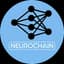 NeuroChain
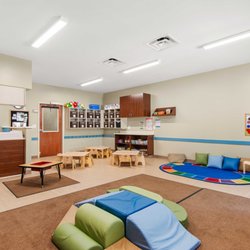 Primrose School of Alpharetta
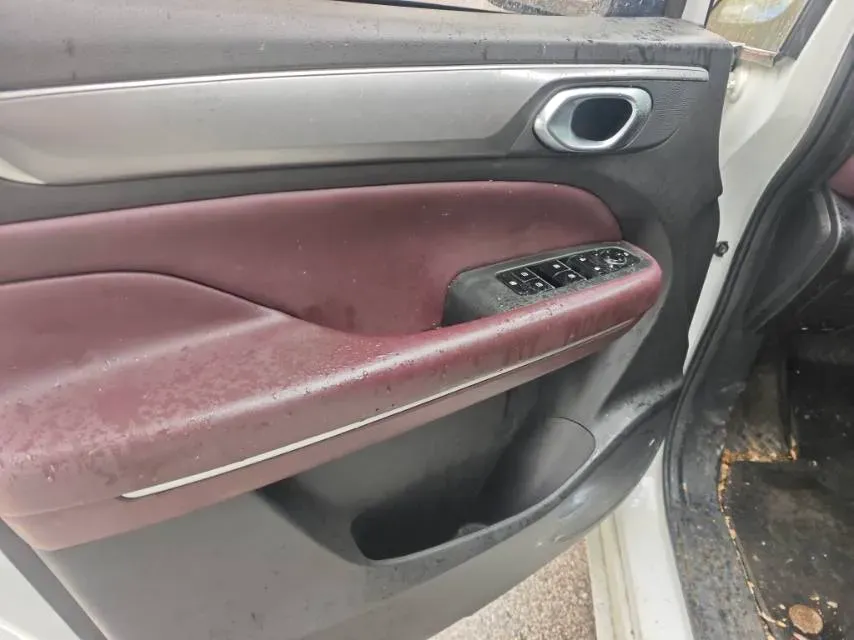 2021 GAC Trumpchi M6 1.5T 169HP L4 6AT,autocango,china used car exporter,china ev exporter,chinese used car exporter,chinese used ev exporter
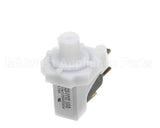 1058.00005.00 Fetco Switch, Pressure, 2Pr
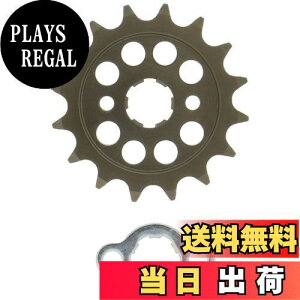 yzL^R(KITACO) hCuXvPbg (tg/16T) 415TCY L[/S gJu GCv50/100 O X[p[Ju110 530-1015016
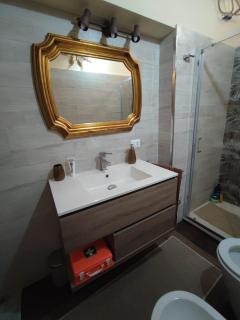 Atelier Pantano - Catania - 5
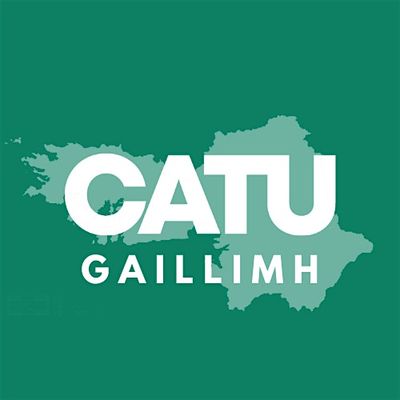 CATU Galway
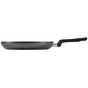Сковорода Tefal Early Grey, 28см (B3540622) - зменшене зображення 2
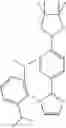 Fig. 477 - Binuclear metal complexes and electronic devices, in particular organic electroluminescent devices containing said metal complexes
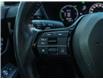 2024 Honda CR-V Hybrid Touring (Stk: L15840) in Ottawa - Image 27 of 29
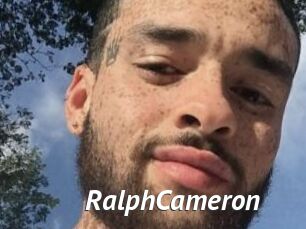 RalphCameron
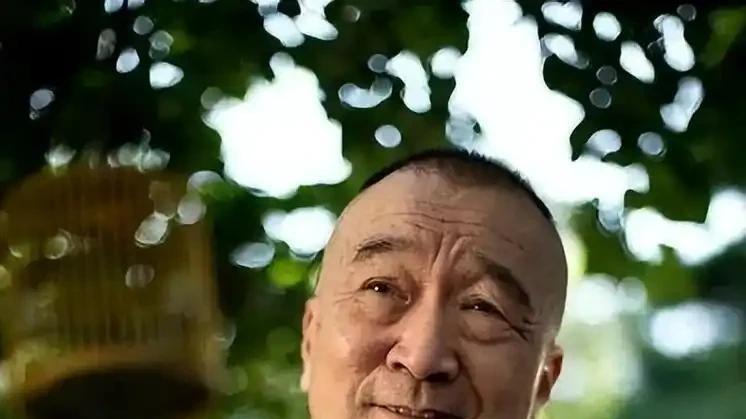 李保田，荧幕经典和另类人生的交织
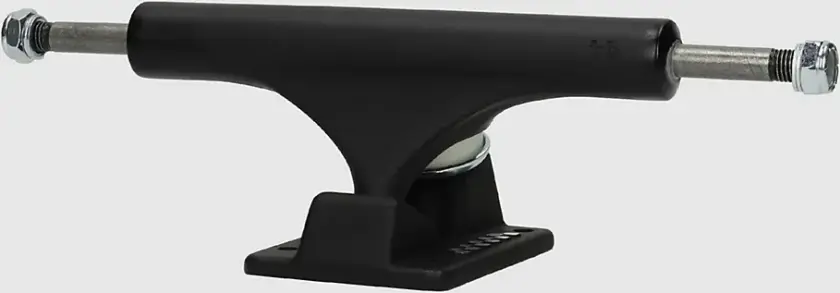 Bilde av Ace Classic 44 5.75" Truck svart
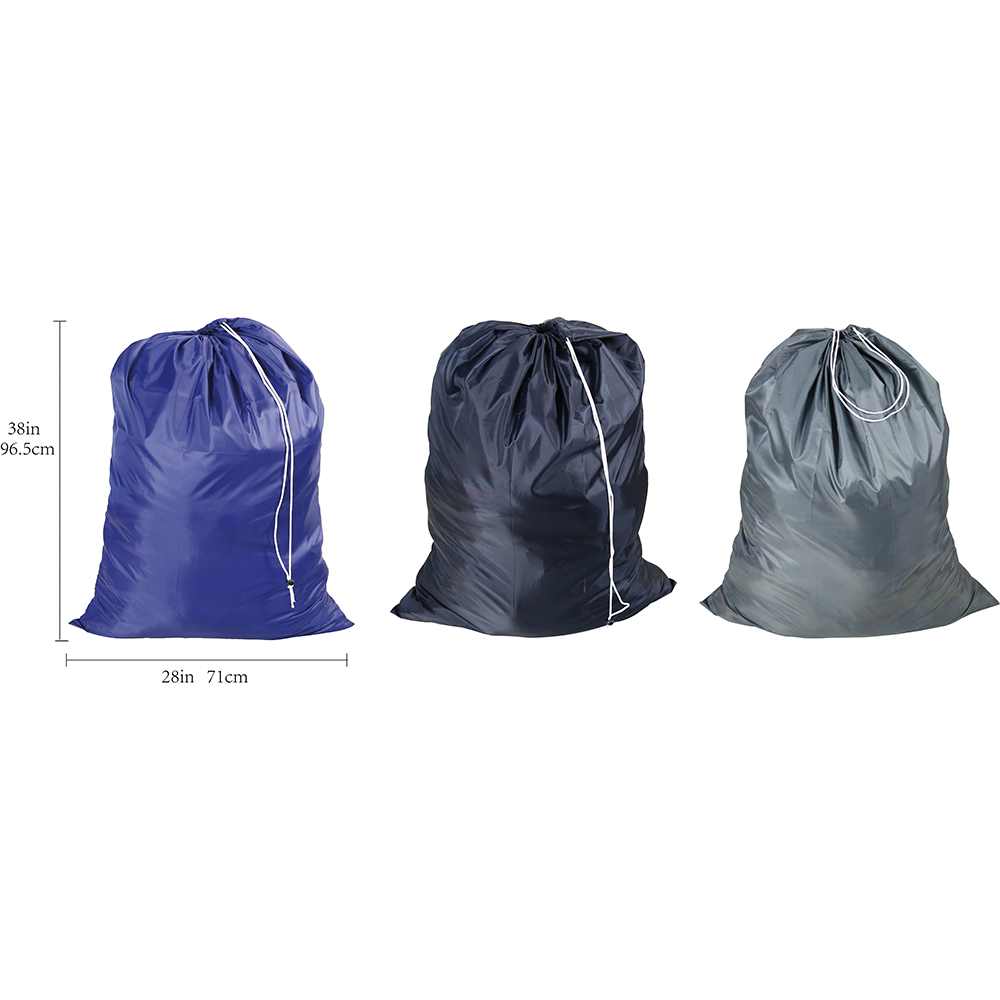 Heavy Duty Laundry Bag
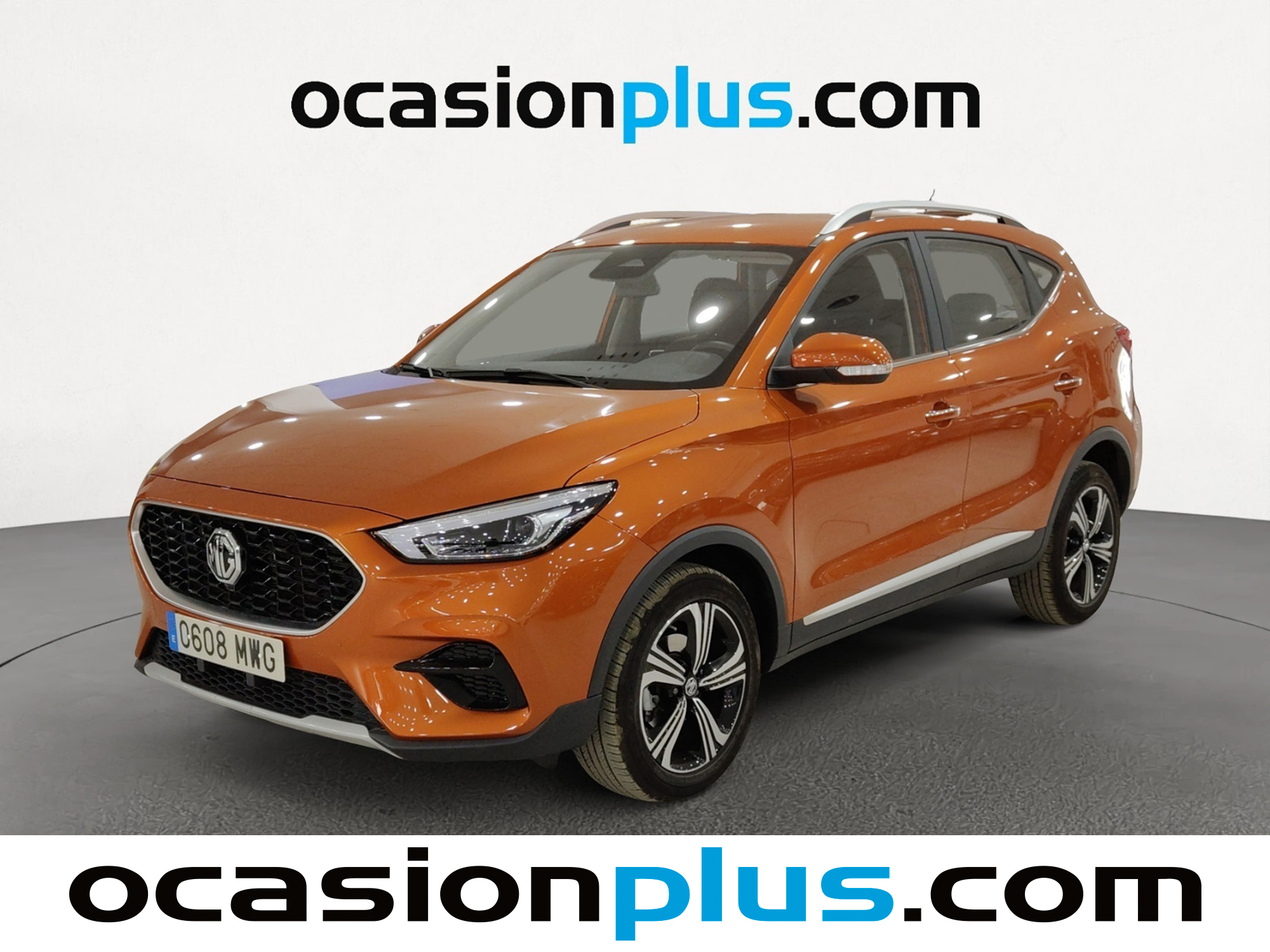 mg-zs-15-comfort-106-cv-en-madrid-d9d2b87084783a00922e3c8999919baa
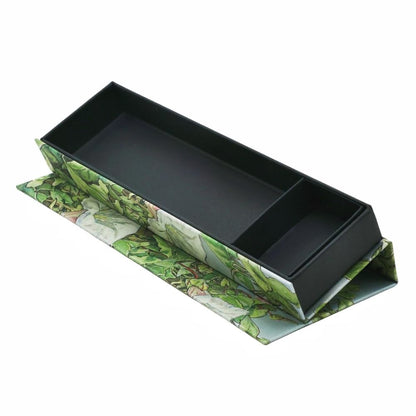 Bindweed Fairy Pencil Case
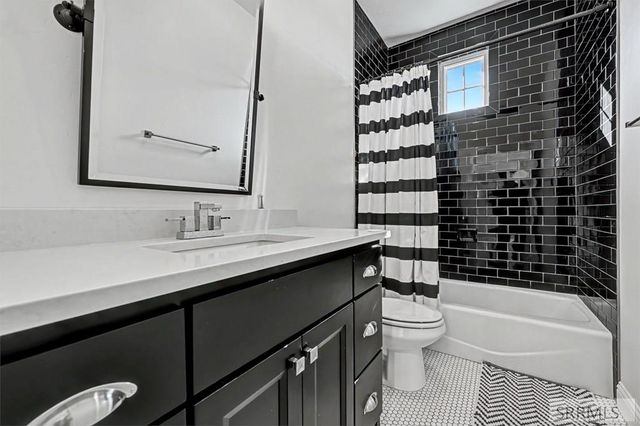 4819 E Clearwater Drive, Idaho Falls, ID 83406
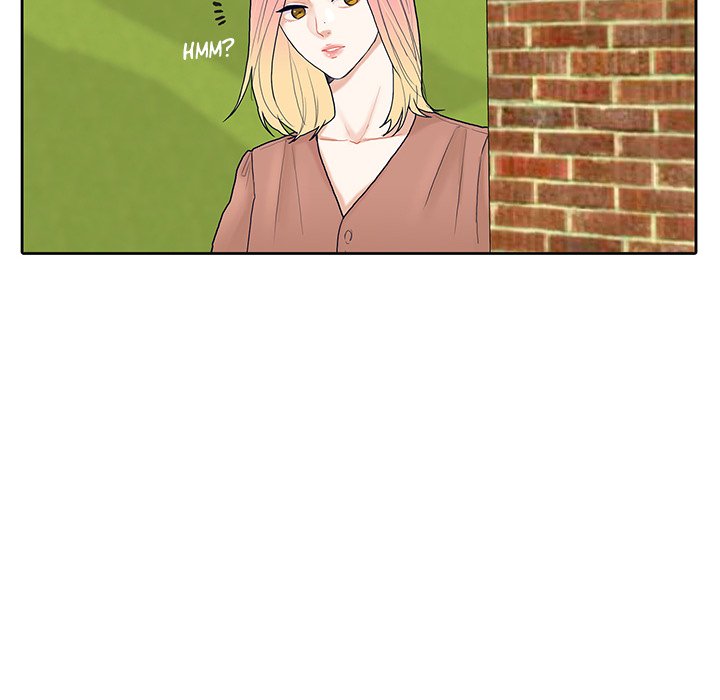 Read Unrequited Love chapter 12 image 44 on Lezhin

- - -

● **ACTION ITEM**
Copy each of the entries above precisely, and drop whatever pictures they hold.

● **ANSWER**
 NeuroChain
 Primrose School of Alpharetta
 2021 GAC Trumpchi M6 1.5T 169HP L4 6AT,autocango,china used car exporter,china ev exporter,chinese used car exporter,chinese used ev exporter
 1058.00005.00 Fetco Switch, Pressure, 2Pr
 yzL^R(KITACO) hCuXvPbg (tg/16T) 415TCY L[/S gJu GCv50/100 O X[p[Ju110 530-1015016
 Atelier Pantano - Catania - 5
 CATU Galway
Сковорода Tefal Early Grey, 28см (B3540622) - зменшене зображення 2
 Fig. 477 - Binuclear metal complexes and electronic devices, in particular organic electroluminescent devices containing said metal complexes
 2024 Honda CR-V Hybrid Touring (Stk: L15840) in Ottawa - Image 27 of 29
 RalphCameron
 李保田，荧幕经典和另类人生的交织
 Bilde av Ace Classic 44 5.75" Truck svart
 Heavy Duty Laundry Bag
 mg-zs-15-comfort-106-cv-en-madrid-d9d2b87084783a00922e3c8999919baa
 Bindweed Fairy Pencil Case
 4819 E Clearwater Drive, Idaho Falls, ID 83406
 Read Unrequited Love chapter 12 image 44 on Lezhin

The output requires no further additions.